真の的が自己の内面にあることは理解できた。
しかし、内面と外面がなぜ一致するのか。
つまり射手が狙わないのに、なぜ的を射抜くことができるのか。それが不可解でならない。

このことについて、
師範はヘリゲルを暗闇の道場に招き、
その答えを範で示します。

的が見えない状況下、
甲矢で的の中心を射抜き、
乙矢で、甲矢の軸を裂き割ったのです。

ヘリゲルは二本の矢を別々に引き抜くに忍びなく、的ごと持ち帰ったといいます。

近年、スポーツは科学的理論のもと、合理的に実践されるようになりました。
それぞれの身体的.精神的特性を踏まえた上でトレーニングが行われます。
例えば、速く走りたいという欲求に対して、
個に適したトレーニング方法が示されます。
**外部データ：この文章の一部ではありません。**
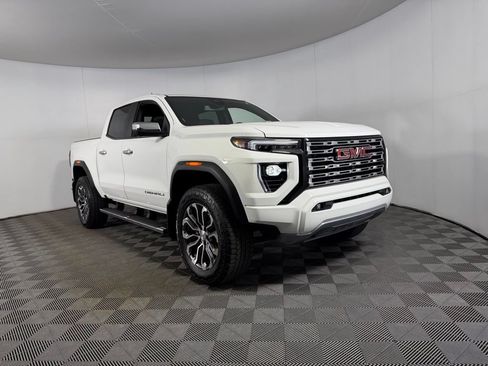 Used 2024 GMC Canyon Denali AWD/4WD image 5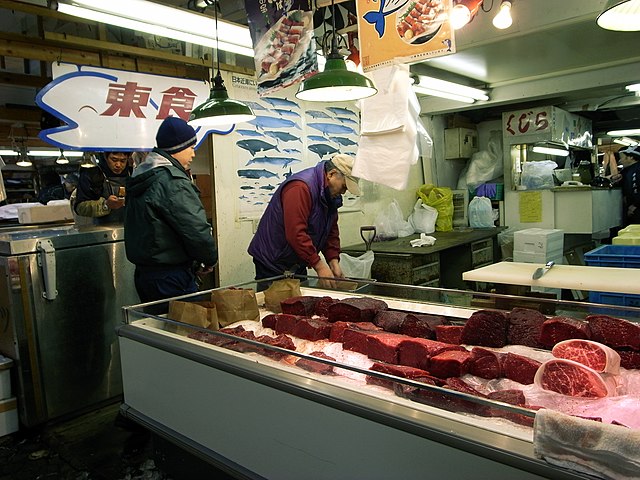 Daging paus diPasar ikan Tsukiji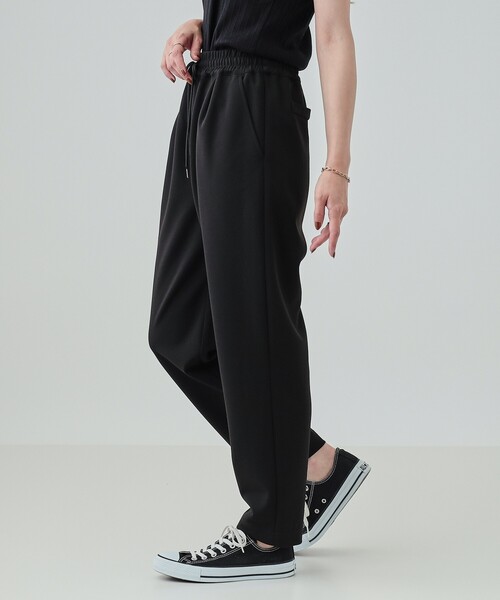 SHOO・LA・RUE（シューラルー）の「◆【高レビュー/S-LL/洗濯後シワになりにくい】スマートに見えるイージーパンツ（その他パンツ・レディース・ブラック/ベージュ/オレンジ/ブルーグリーン/グレー系その他・02/01/04/03）」の9枚目の写真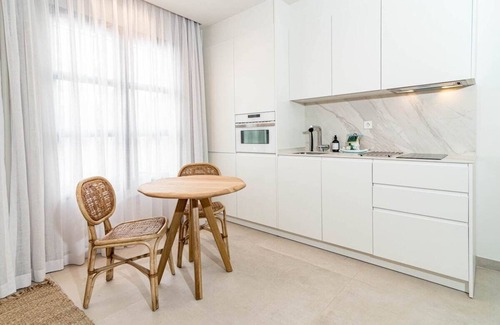 Historic Center of Estepona Apartment | A2- Seaclub Suites by roomservices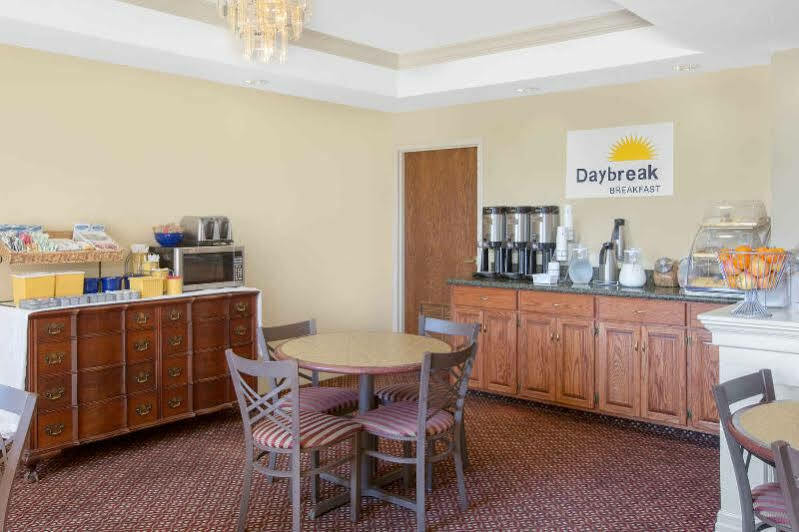 Days Inn & Suites By Wyndham Pocahontas Экстерьер фото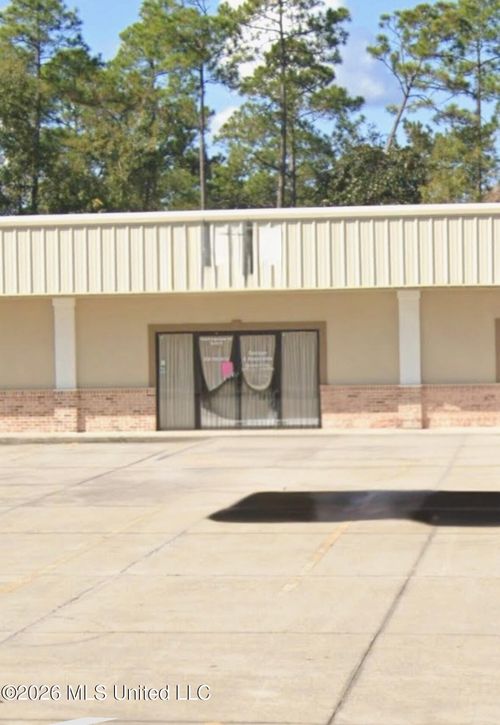 16940 Kapalama Rd, Pass Christian, MS, 39571-9708 | Card Image
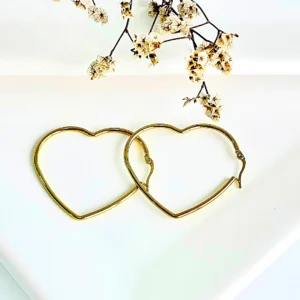 Aros de acero dorado con forma de corazón. 6 cm. de ancho.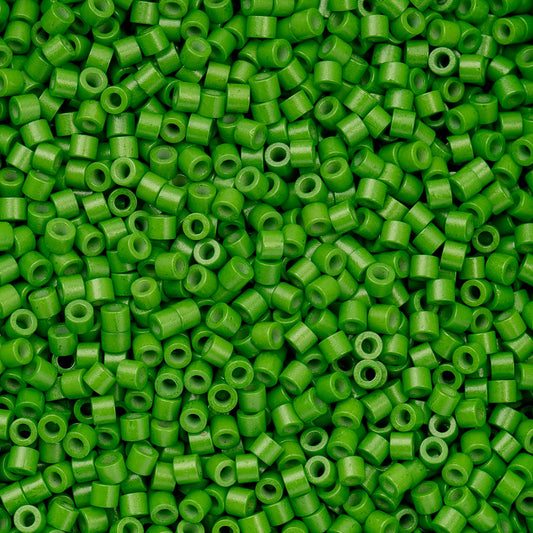 11/0 Cylin Bead, 25g Bag, Grass Green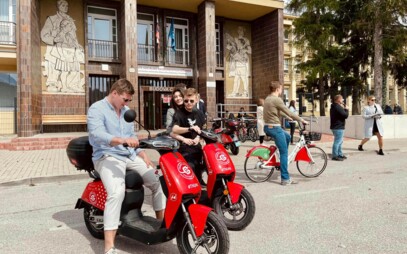 Študenti si už môžu naplno užívať e-bicykle a e-skútre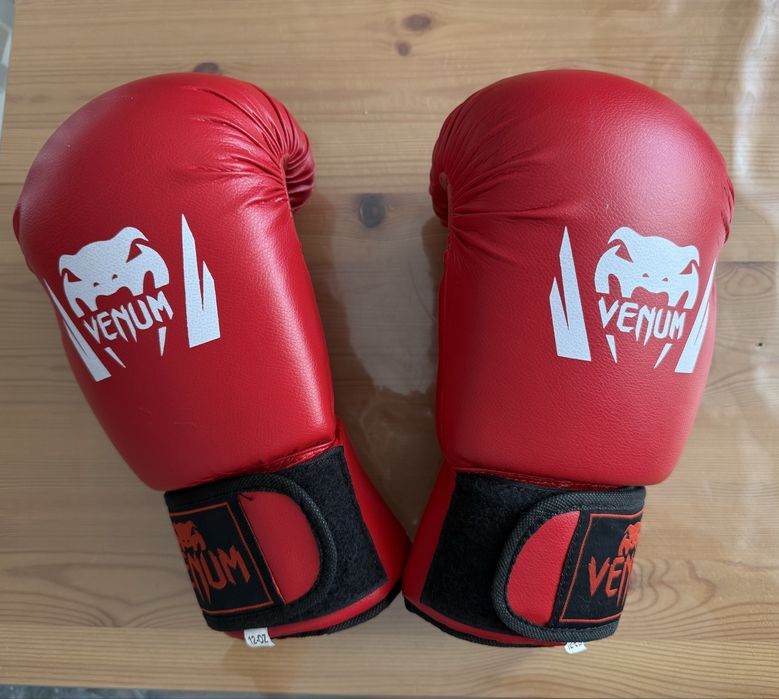 Боксерские перчатки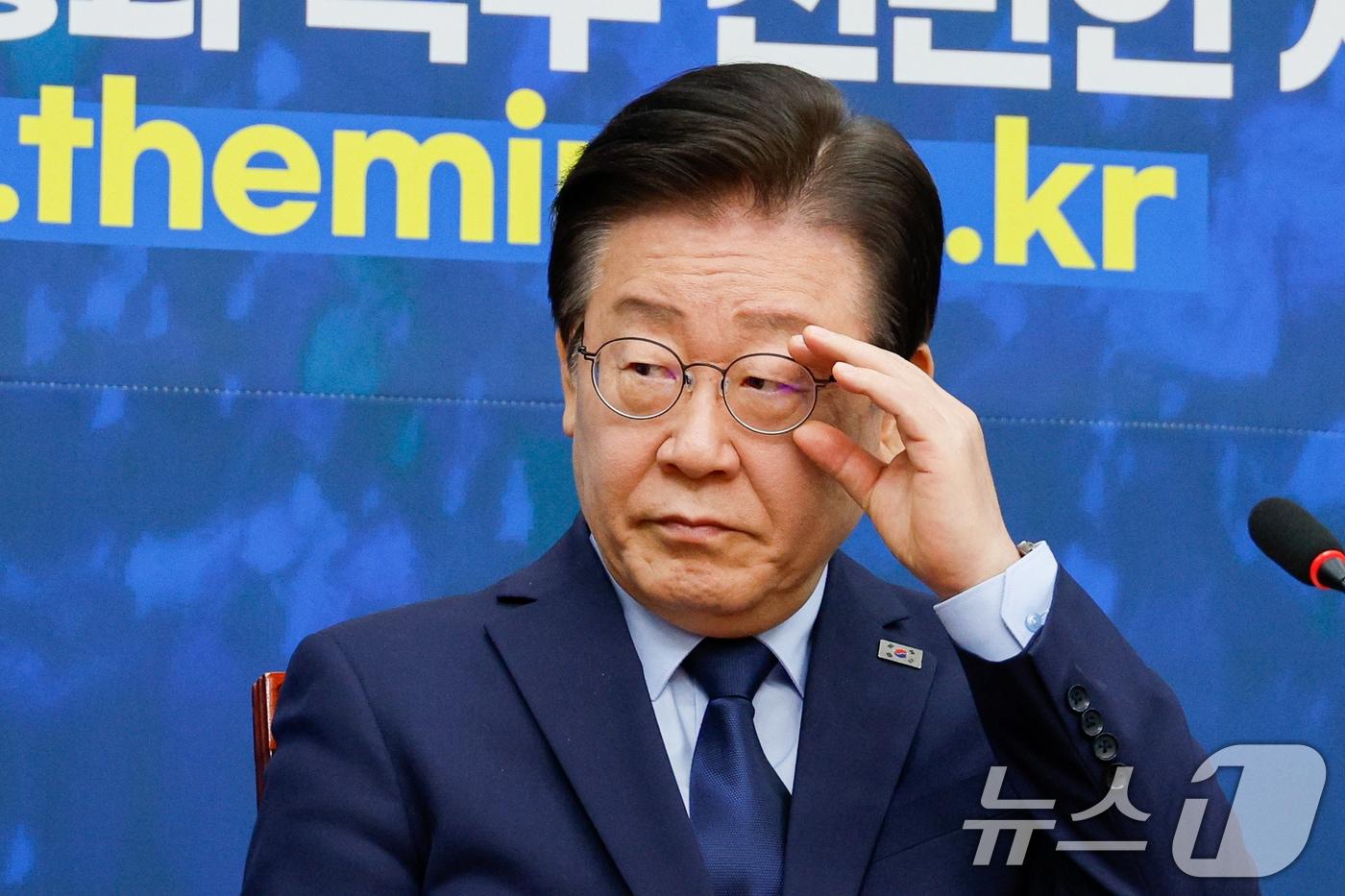 본문 이미지 - 이재명 더불어민주당 대표가 11일 오전 서울 여의도 국회에서 열린 최고위원회의에서 김민석 최고위원 발언을 들으며 안경을 고쳐쓰고 있다. 2024.11.11/뉴스1 ⓒ News1 안은나 기자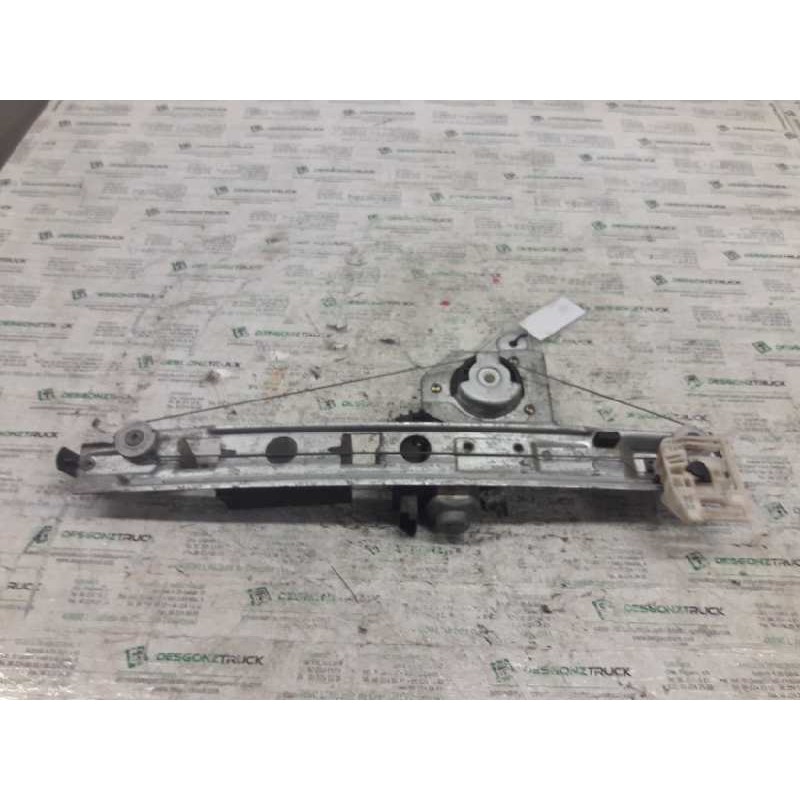 Recambio de elevalunas trasero izquierdo para renault megane ii classic berlina 1.5 dci diesel referencia OEM IAM 440726F 6 PINS 3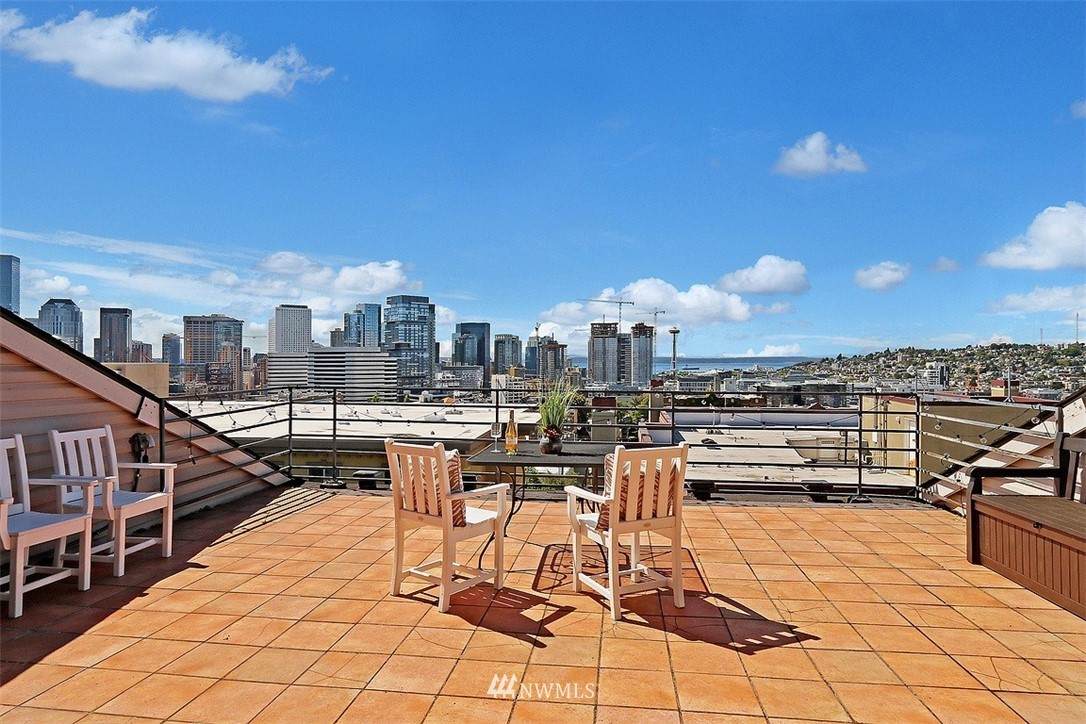 712 Denny Way - Photo 1
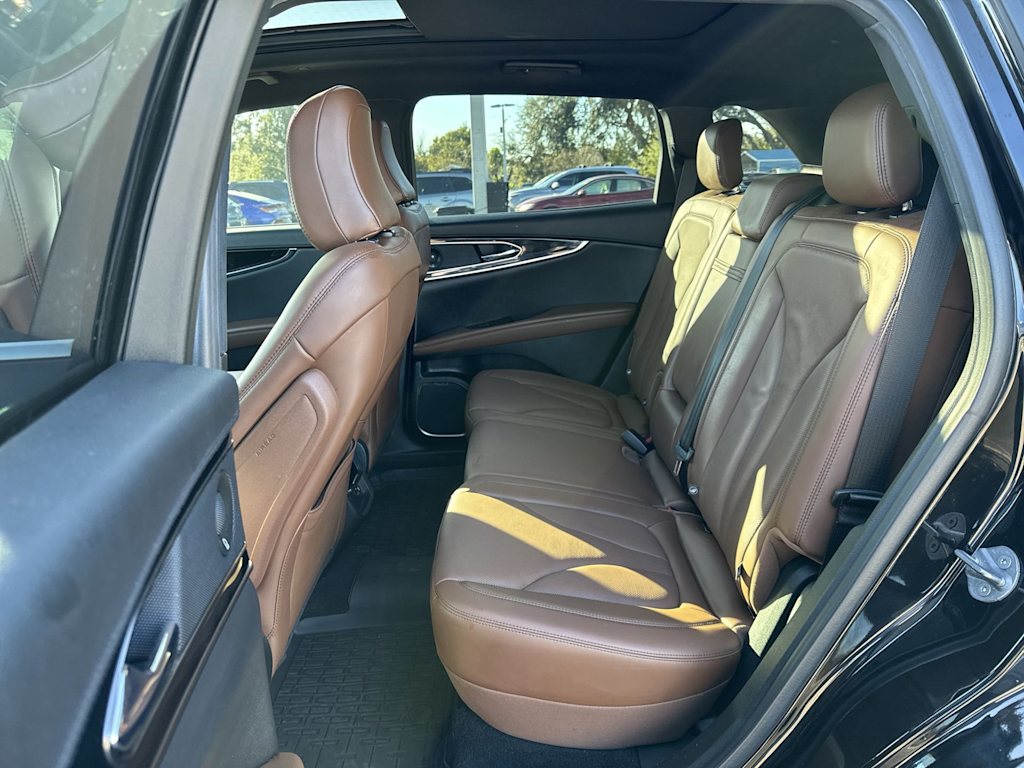 Thumbnail: 2022 Lincoln Nautilus - 33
達成するか否かは別として、
自己ベストという目的地に最も近い地図を誰もが簡単に手にすることができる時代になりました。

このような時代に、武道はどのように稽古を行なっているのか。

その修行過程に近道はありません。
地図などなく、科学的な分析もありません。
試合中の戦術すらないのです。
あえて遠回りさせたり、
苦労や挫折を"自ら"乗り越えることが大切に思われています。

試合では、
日々の稽古で身に付いたことが"自然に"発揮されることが大切で、
特に剣道の場合、監督は畳に正座し、弟子に一番近い場所でその戦いを静かに見守ります。声をかけてはいけないのです。



ヘリゲルは西洋哲学者です。

そして、弓道や剣道における修行の根にも哲学があるように思います。
しかし、この哲学は東洋哲学であり、
その根本は修行者の内面にあります。

つまり、理論の西洋哲学者が、東洋の神秘に触れ、弓の修行を重ねる中で、自己と向き合い、苦しみの中で一つの真理を見出していく"生きた"言葉が、著書「弓と禅」に記されているのです。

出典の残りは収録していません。